また、天皇制を含めて、“…共同幻想…”社会そのものが崩壊させられようとしているのが、現時点での日本の政治状況だという意味で、日本人は否応なく変革を迫られています。しかし、其の変革の方向については、日本人自身による選択も、いまだ可能だと思います。
………過去阿修羅に登場して来た天皇(制)の信奉者と思しき人達にたいし、こうした観点から幾度か対話を試みましたが、惜しむらくは明晰な回答に出合うことができませんでした。………
私自身が“…天皇(制)の信奉者…”なのかどうか、実はまだ分かりません。それを確かめる為の問として「天皇」を考えようと思っています。
………デカルト的自我はキリスト教的世界観における人間の思考の延長性(蓋然性)を考察する過程で構成されたもの、さらにヘーゲル哲学は歴史という時間的係数を組み込んで世界精神(自我の統体)が展開する世界とその自画像を透写しようとしたものとの見解は今では通説にまでなっています。(学部時代、デカルトの省察とヘーゲル哲学の裾野を踏破するのは通過儀礼に近いものでした。)………
20世紀の西洋思想が、体系の相対化や脱構築という視角によって新たな領域を獲得したことの意義は充分評価しつつ、それでも尚、言説の背後に隠れていて決して姿を現すことの無い、実のところ存在していないはずの者を、やはり問わずには居られないのです。
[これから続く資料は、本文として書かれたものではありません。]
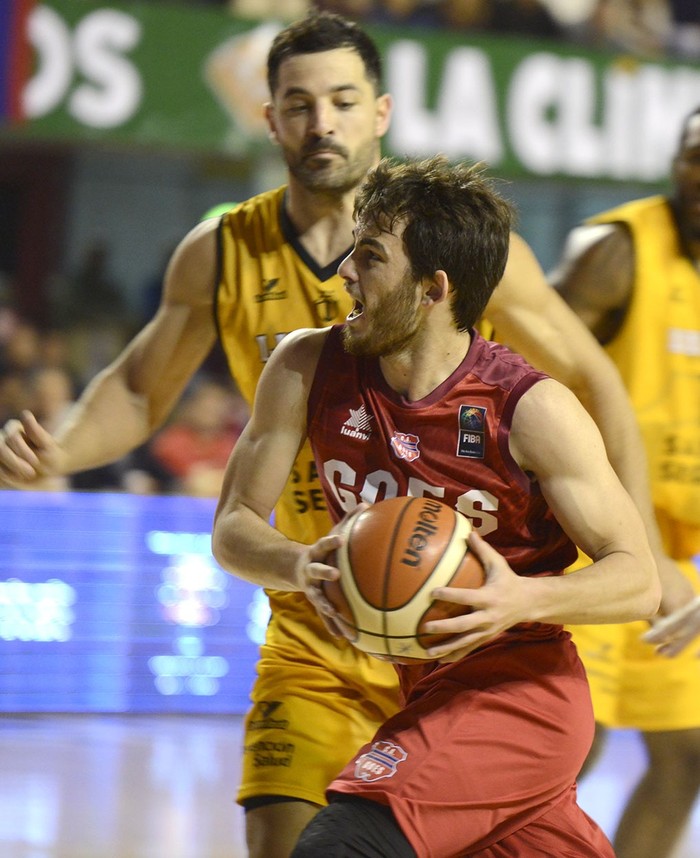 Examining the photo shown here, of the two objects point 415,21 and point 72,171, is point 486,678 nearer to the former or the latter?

………仏教は、人間の本能としてconatus(自己保存力−スピノザ)の存在を認め、それが展開する、あるいは導かれる方向について展望したものではないでしょうか。かくて仏性がconatusの在り様を表象するものならば、仏性が展開する世界はデカルト的自我のそれよりも根源的かつ無限定なものではないかと思量します。………
仏教は、輪廻転生からの解脱を目指し、本能からの覚醒を説くものだと思っています。従って、覚醒する者は思考する者であり、さらに思考の螺旋から抜け出す者ではないかと。デカルト的思考が思考そのものの外に出る契機を持っているとすれば、ある意味、通じ合うのではというのが私の推測なのです。尚、仏性は、“…根源的かつ無限定なもの…”としての世界を観照する場所、つまり、世界の外にあると思うのですが。